Segundo relatos, o voo noturno, operado pela Alaska Airlines, havia ultrapassado 5.500 metros de altitude quando Fredericks se dirigiu a uma das portas, provocando pânico entre os demais passageiros e a tripulação, que agiram rapidamente para contê-lo. As informações foram divulgadas por veículos como People e The Independent.
De acordo com a denúncia criminal apresentada por um agente especial do FBI em Anchorage, Fredericks começou a apresentar comportamento errático pouco após a decolagem. Testemunhas relataram que ele tremia, murmurava para si mesmo e trocava de assento várias vezes.
Poucos minutos depois do decolagem, o homem se dirigiu ao banheiro na parte traseira do avião e, ao sair, tentou abrir agressivamente a porta de emergência localizada na parte posterior da aeronave. Um passageiro interveio ao perceber que Fredericks já havia levantado a alavanca da porta, enquanto os demais ocupantes observavam a cena com medo. A tripulação, com a ajuda de dois passageiros, conseguiu imobilizar o homem e impedir que ele continuasse manipulando o mecanismo.
Durante o incidente, Fredericks proferiu frases alarmantes que aumentaram a apreensão a bordo. Segundo a denúncia citada por People, o acusado exclamou: “As asas desapareceram. Todos vamos morrer”. Ele também dizia precisar de ar e perguntava: “Como quebro a janela? Não sei como quebrar”.
Ainda em seu estado alterado, o passageiro afirmou: “Está saindo metanfetamina pelas grades de ventilação. Todo mundo está enlouquecendo”. O documento judicial aponta que Fredericks solicitou repetidamente fumar um cigarro e consumir bebidas alcoólicas, pedidos que foram negados pela tripulação. Seu comportamento, marcado por alucinações e desorientação, gerou clima de medo e confusão entre os presentes.

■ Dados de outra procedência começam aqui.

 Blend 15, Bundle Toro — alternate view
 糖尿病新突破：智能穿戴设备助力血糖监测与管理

A tripulação da Alaska Airlines, em coordenação com alguns passageiros, agiu rapidamente para controlar a situação. Conforme declarações coletadas pelo veículo local KTUU, o piloto foi alertado quando o avião se encontrava a cerca de 5.400 metros de altitude e chegou a avaliar a possibilidade de desviar a aeronave. No entanto, decidiu seguir para Anchorage, considerando que Fredericks não apresentava sintomas médicos graves, como vômitos ou desmaios. A companhia aérea confirmou que, após o incidente, o passageiro teve a proibição de voar com a Alaska Airlines.

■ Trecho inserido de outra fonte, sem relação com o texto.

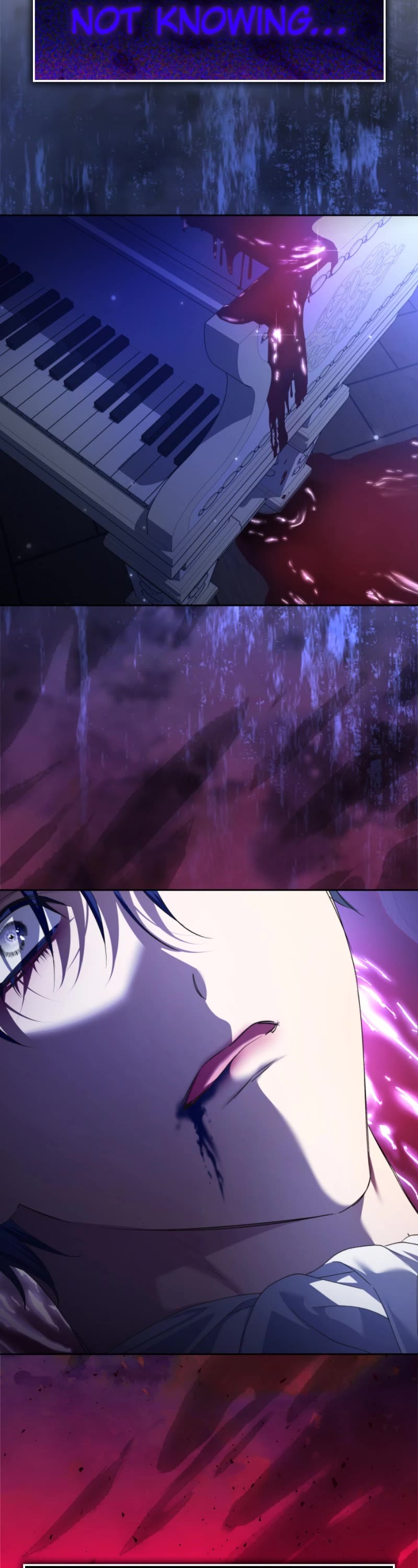 To Be You, Even Just For a Day Chapter 233 page 63 - Chapter 233: Ep. 232 - Killing One Dog (Final)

Um porta-voz da empresa elogiou o profissionalismo da tripulação e lamentou o transtorno causado aos passageiros, conforme informado ao Independent. Ao aterrissar em Anchorage, a polícia do aeroporto escoltou Fredericks para fora do avião. Fontes informaram que ele se acalmou e pediu desculpas à tripulação antes de ser levado ao Hospital Providence para avaliação médica.
Durante o exame, um oficial do Departamento de Polícia do Aeroporto de Anchorage ouviu que o acusado admitiu ter consumido álcool nos dez dias anteriores, além de relatar alucinações e lacunas de memória referentes aos últimos dois anos. Fredericks também revelou estar em tratamento com antidepressivos, que poderiam ter causado confusão mental e tremores musculares. A acusação formal contra ele foi apresentada pela Justiça Federal em 16 de dezembro, pelos crimes de interferência com membros da tripulação e com assistentes de voo.
Um dos pilotos do voo explicou na denúncia, conforme People, que a pressão interna da cabine torna fisicamente impossível abrir a porta de emergência durante o voo. No entanto, a manipulação do mecanismo poderia ter acionado o escorregador de emergência, colocando em risco a segurança dos passageiros próximos, incluindo o próprio Fredericks.